1. Determination of Minimum Membrane Thickness: The authors used the instrument to deposit silicon dioxide ($SiO_2$) membranes onto cryo-EM samples to create ultrathin liquid cells. They investigated the minimum thickness required for these membranes to withstand the flash melting and revitrification process without failing.

   • Membranes of approximately 0.75 nm (about 2 monolayers) successfully sealed the sample, preventing evaporation and maintaining a uniform thin liquid film after a 30 µs laser pulse.
   • Membranes reduced to ~0.5 nm (less than 2 monolayers) failed, exhibiting contrast variations indicative of sample evaporation through pores.
   • This establishes that the minimum functional thickness for sealing membranes in this geometry is just over two monolayers.

2. Microsecond Mixing Experiments: The authors demonstrated the feasibility of initiating protein dynamics by depositing reagents onto the sample.

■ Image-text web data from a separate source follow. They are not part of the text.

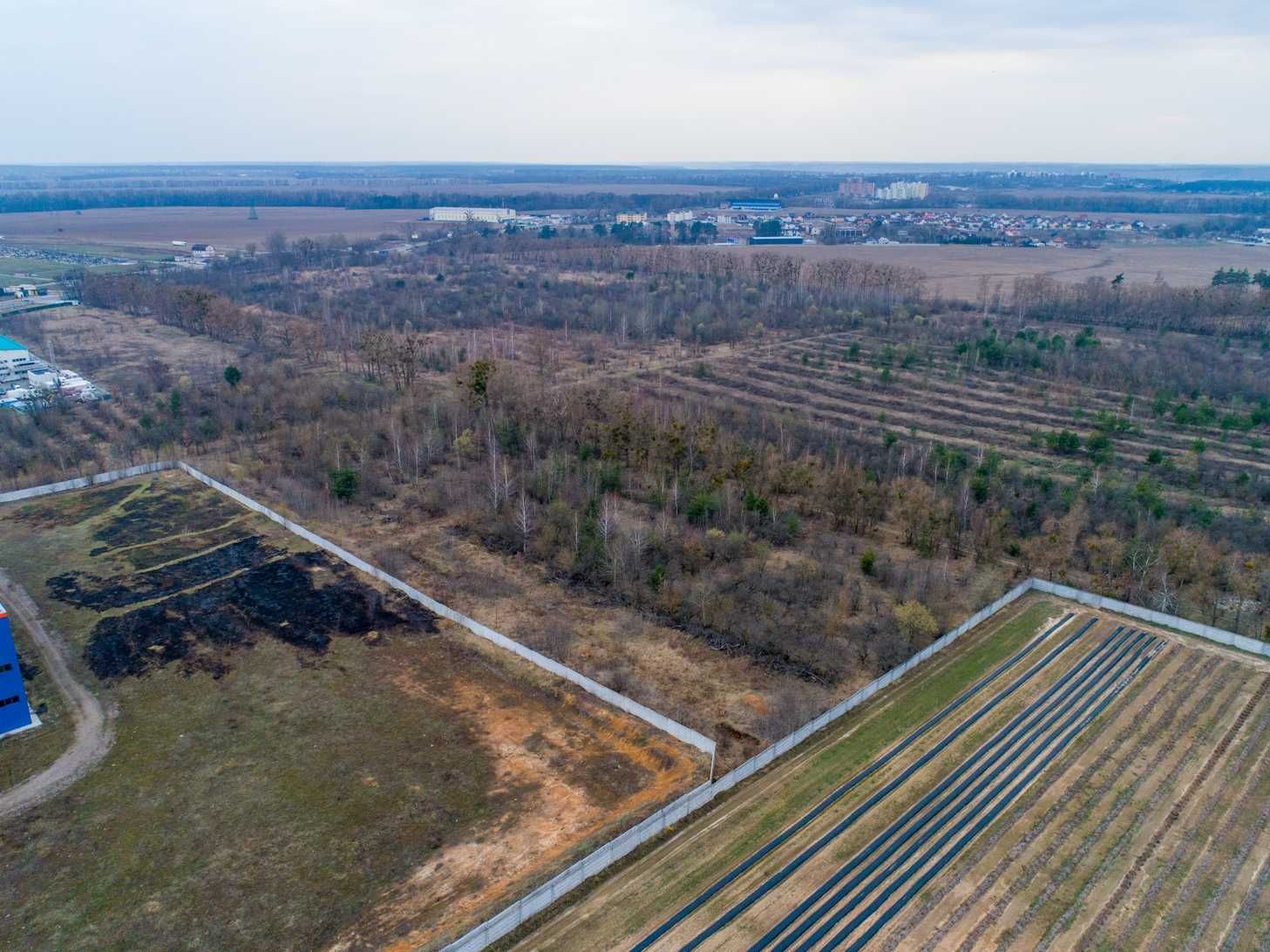 Без % Продам землю коммерческого назначения в с.Святопетровское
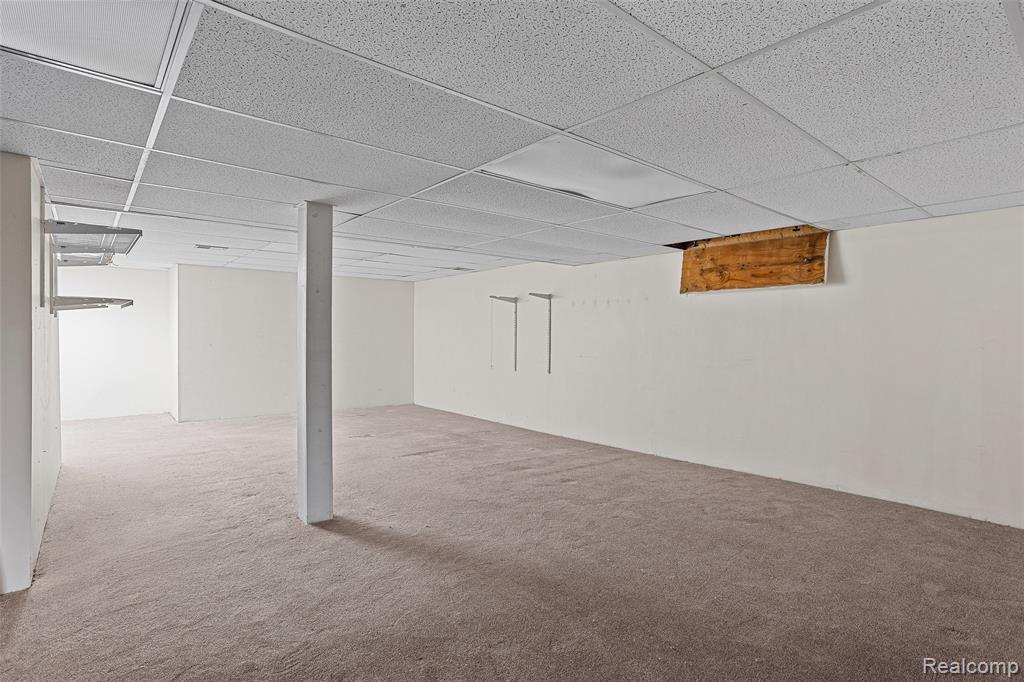 7147 Elmhurst Property Photo 28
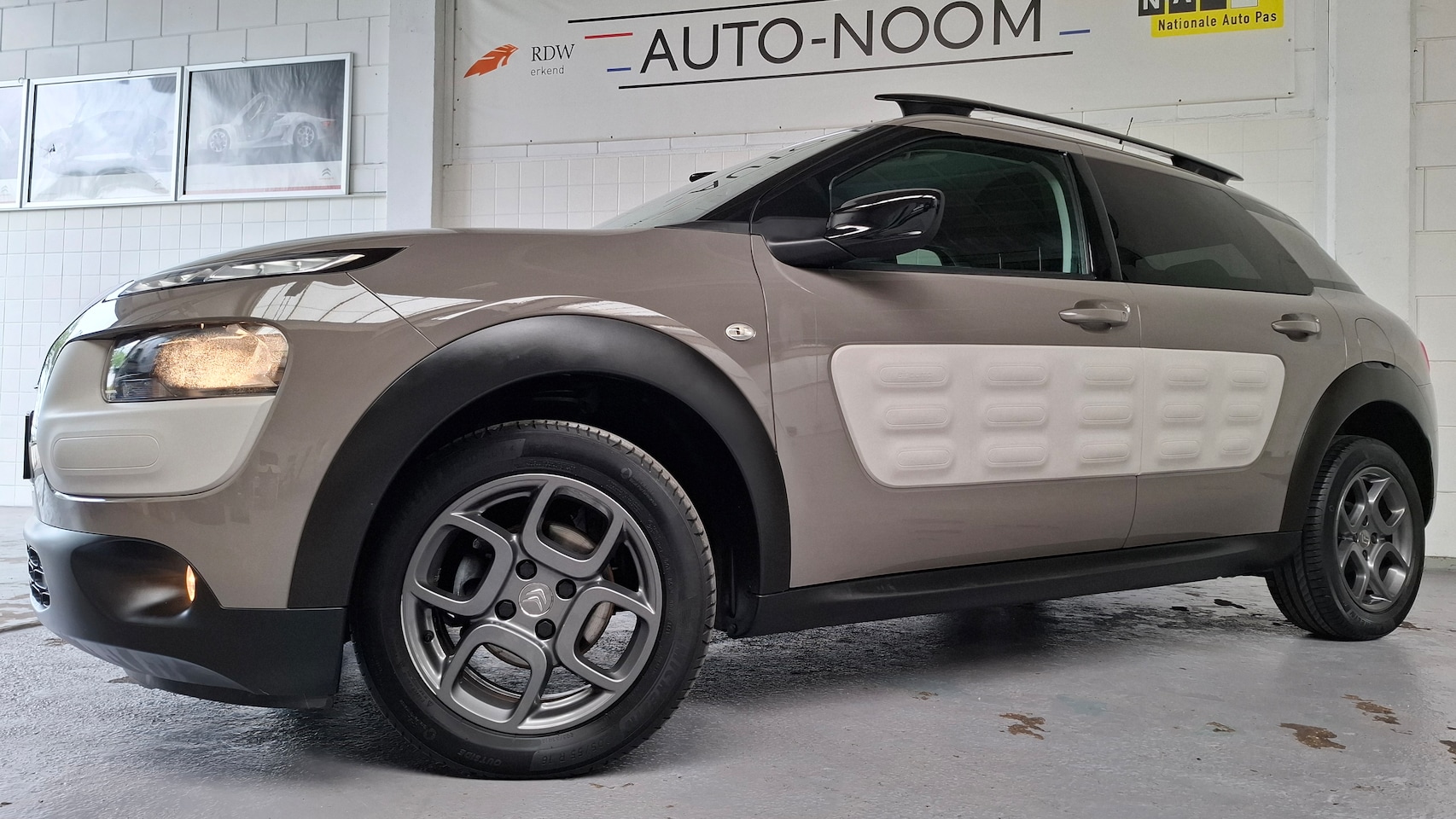 Citroën C4 Cactus - 1.2 PureTech Shine AUTOMAAT/NL-AUTO/NAP/NW.DISTRIBUTIE+WP+GROTE BEURT+NWE. APK! - AutoWereld.nl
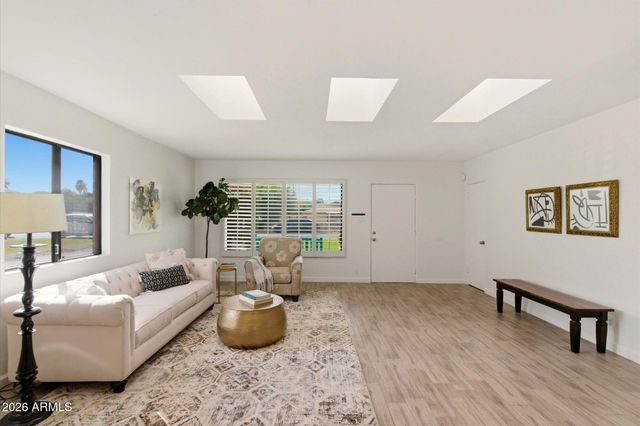 840 E OCOTILLO Road, Phoenix, AZ 85014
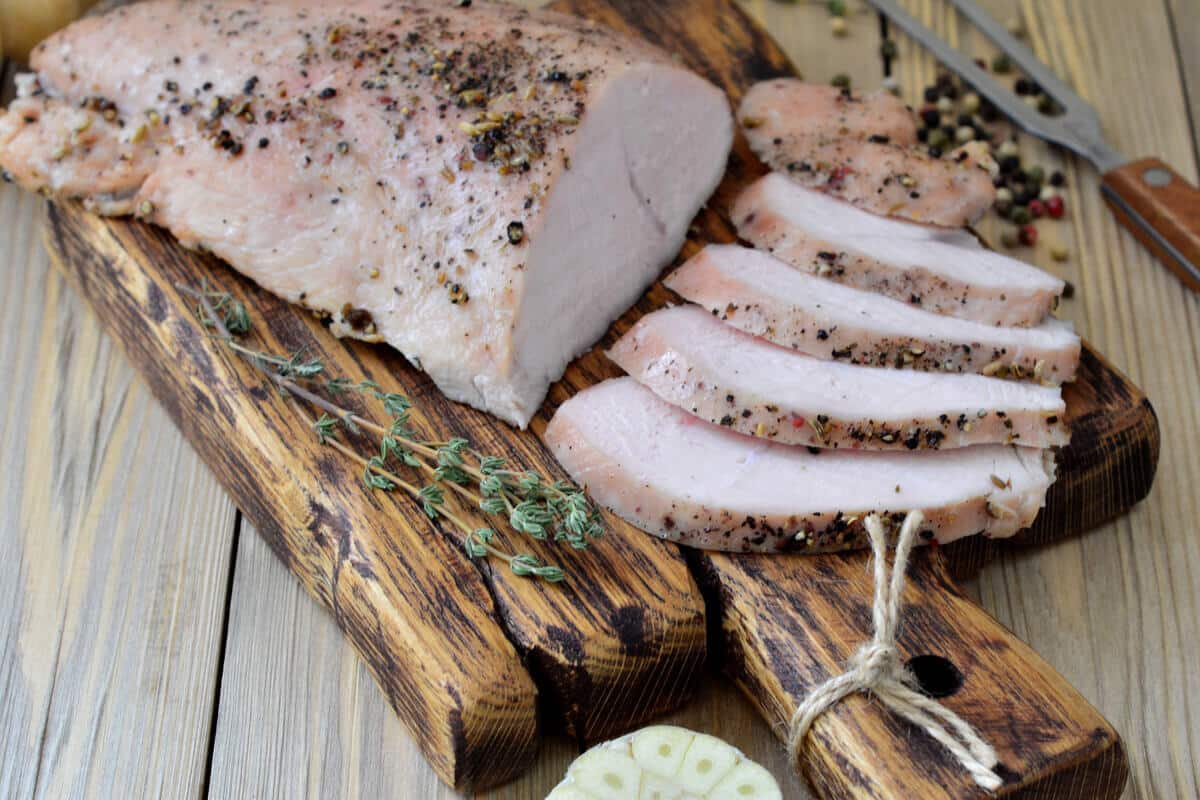 Zartes Putenfilet mit Senf und Gewürzen aus dem Backofen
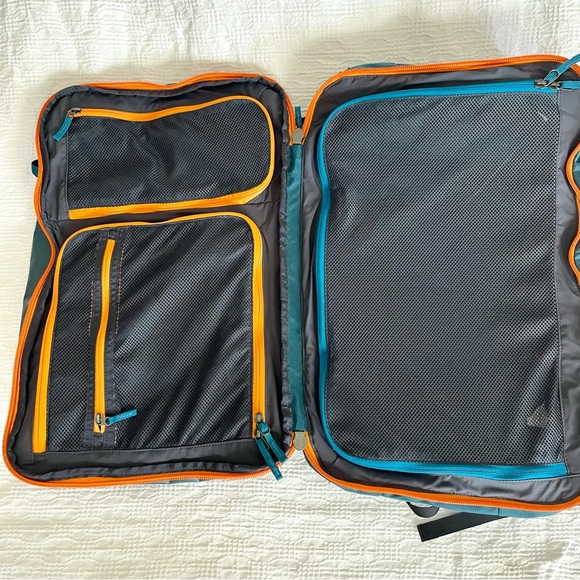 Cotopaxi Allpa 42 L Travel Pack in Indigo - Picture 7 of 8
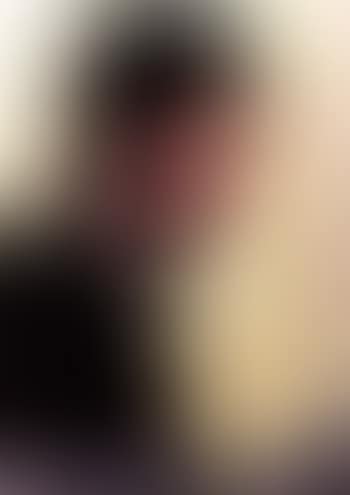 Self portrait in profile (preview)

   • A cryo-EM sample containing the calcium-sensing dye Fura Red was prepared.
   • A 0.5 nm layer of anhydrous calcium chloride ($CaCl_2$) was vapor-deposited onto one side of the sample.
   • Upon flash melting with a 50 µs laser pulse, the calcium ions mixed with the sample.
   • Fluorescence microscopy confirmed that the fluorescence intensity of Fura Red decreased in the revitrified area, indicating the binding of calcium ions to the dye. Control experiments without deposited $CaCl_2$ showed no such contrast change.

Significance and Claims
The authors claim that this instrument forms the basis for an integrated platform for microsecond time-resolved cryo-EM. By enabling the physical vapor deposition of compounds onto frozen samples, the system allows for:

• The creation of ultrathin liquid cells that stabilize thin films and extend the observation window from tens to hundreds of microseconds.
• A new strategy for initiating protein dynamics where reagents (such as small molecules or ligands) are deposited and rapidly mixed with the sample upon flash melting, bypassing the need for photocaged compounds.
• The potential for future integration with soft-landing mass spectrometry approaches to deposit larger, non-volatile biomolecules like peptides or proteins.

The paper concludes that this integrated approach reduces sample contamination by minimizing transfers and enables complex experimental sequences alternating between deposition and laser revitrification, thereby broadening the range of accessible protein dynamics.